* Action item: Once the line containing "comptoir de pharmacie: portrait" is found in the records below, return it and each following line exactly, up to and including the line containing "the beach. Fotosearch", and nothing else.

(Collected data entries)
---------------
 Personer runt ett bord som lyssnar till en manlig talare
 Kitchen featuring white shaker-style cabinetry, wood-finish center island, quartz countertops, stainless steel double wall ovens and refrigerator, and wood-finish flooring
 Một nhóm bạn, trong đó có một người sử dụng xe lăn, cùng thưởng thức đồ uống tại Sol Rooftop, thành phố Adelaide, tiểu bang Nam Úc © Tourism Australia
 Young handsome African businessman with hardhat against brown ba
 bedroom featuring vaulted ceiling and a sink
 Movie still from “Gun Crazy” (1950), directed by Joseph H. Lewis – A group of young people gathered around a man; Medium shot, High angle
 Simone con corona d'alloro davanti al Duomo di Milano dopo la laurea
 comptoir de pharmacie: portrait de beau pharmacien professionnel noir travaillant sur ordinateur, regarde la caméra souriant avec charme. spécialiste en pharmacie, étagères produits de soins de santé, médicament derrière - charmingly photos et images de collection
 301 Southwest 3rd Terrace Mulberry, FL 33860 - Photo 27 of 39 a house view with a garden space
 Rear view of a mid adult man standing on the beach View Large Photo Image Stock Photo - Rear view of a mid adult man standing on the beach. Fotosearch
---------------
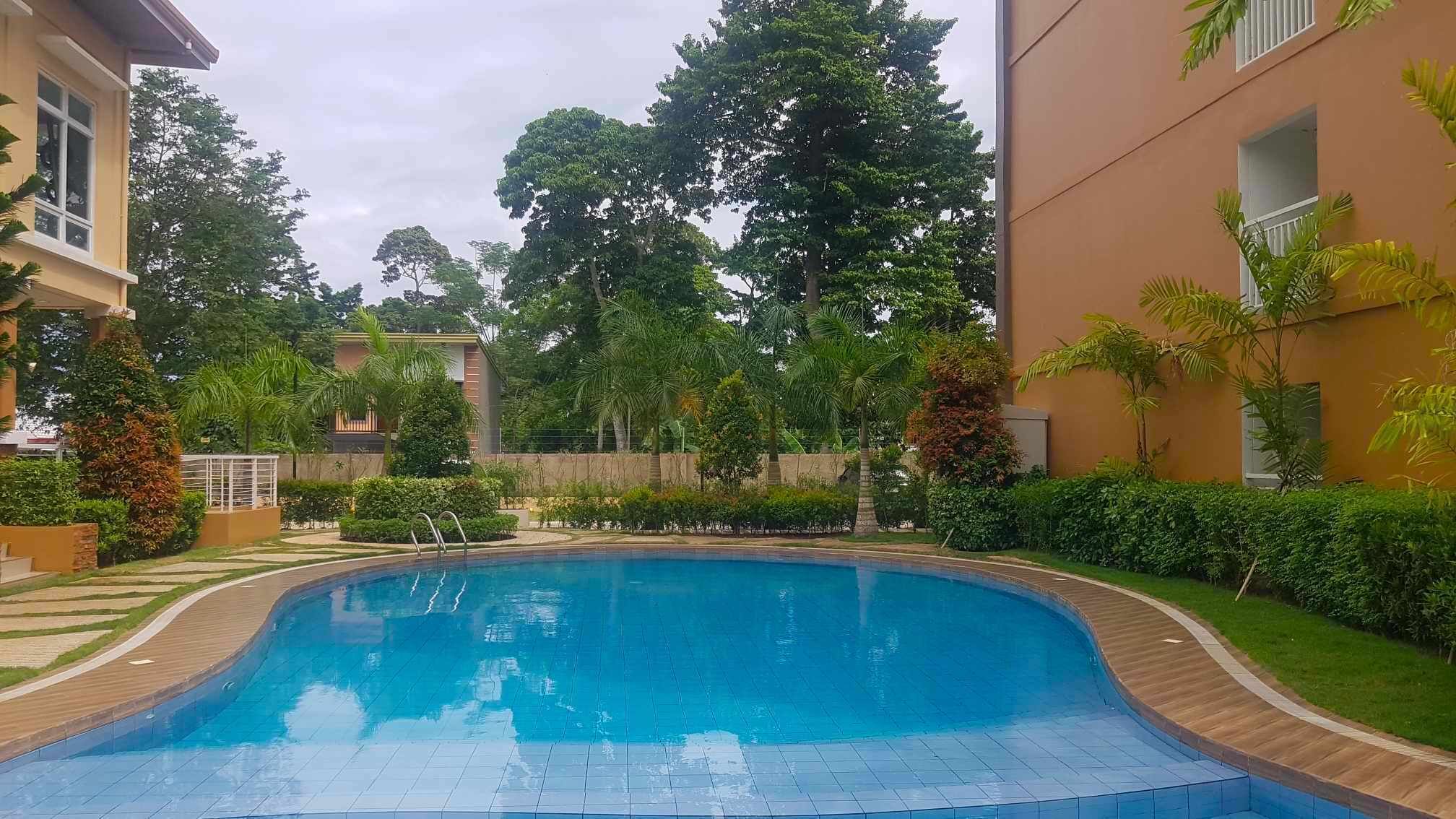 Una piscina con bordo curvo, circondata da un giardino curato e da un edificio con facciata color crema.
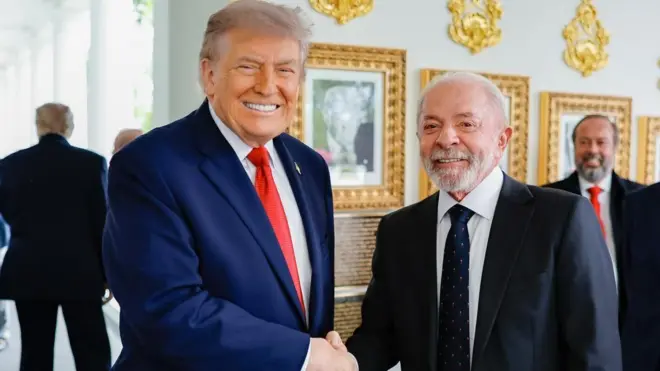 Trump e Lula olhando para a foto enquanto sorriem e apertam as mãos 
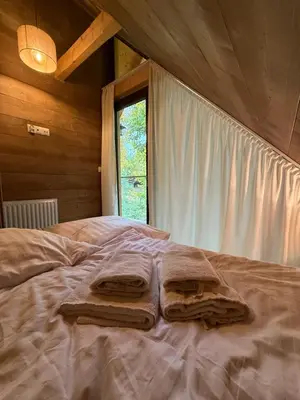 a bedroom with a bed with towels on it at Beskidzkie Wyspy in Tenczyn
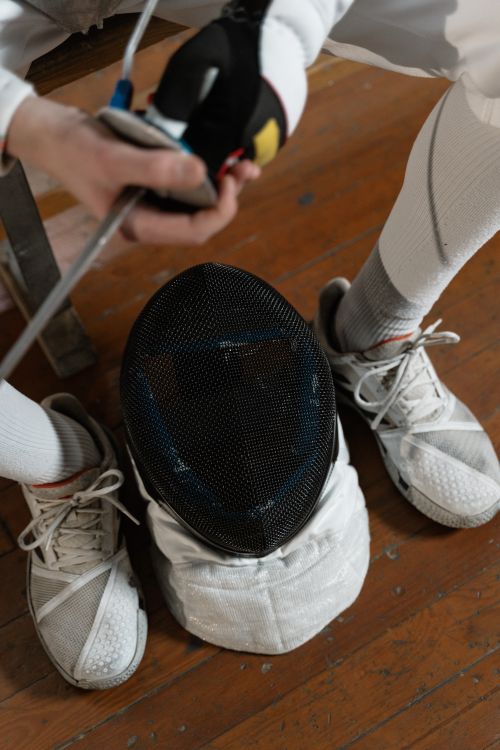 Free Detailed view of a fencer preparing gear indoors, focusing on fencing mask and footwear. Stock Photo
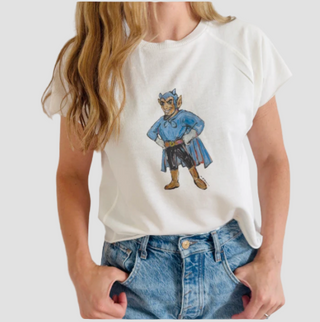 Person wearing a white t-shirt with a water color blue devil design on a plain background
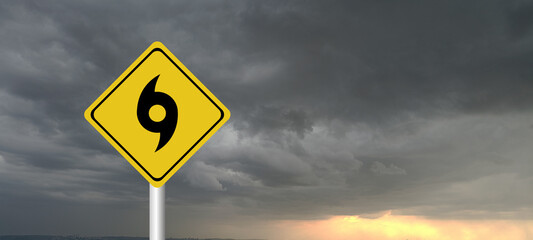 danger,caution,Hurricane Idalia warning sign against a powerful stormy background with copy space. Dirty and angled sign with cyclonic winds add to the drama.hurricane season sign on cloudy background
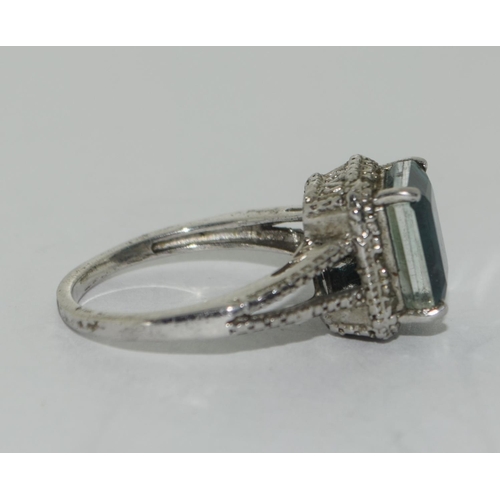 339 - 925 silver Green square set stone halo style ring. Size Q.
---------------
* Solution for this task:
 comptoir de pharmacie: portrait de beau pharmacien professionnel noir travaillant sur ordinateur, regarde la caméra souriant avec charme. spécialiste en pharmacie, étagères produits de soins de santé, médicament derrière - charmingly photos et images de collection
 301 Southwest 3rd Terrace Mulberry, FL 33860 - Photo 27 of 39 a house view with a garden space
 Rear view of a mid adult man standing on the beach View Large Photo Image Stock Photo - Rear view of a mid adult man standing on the beach. Fotosearch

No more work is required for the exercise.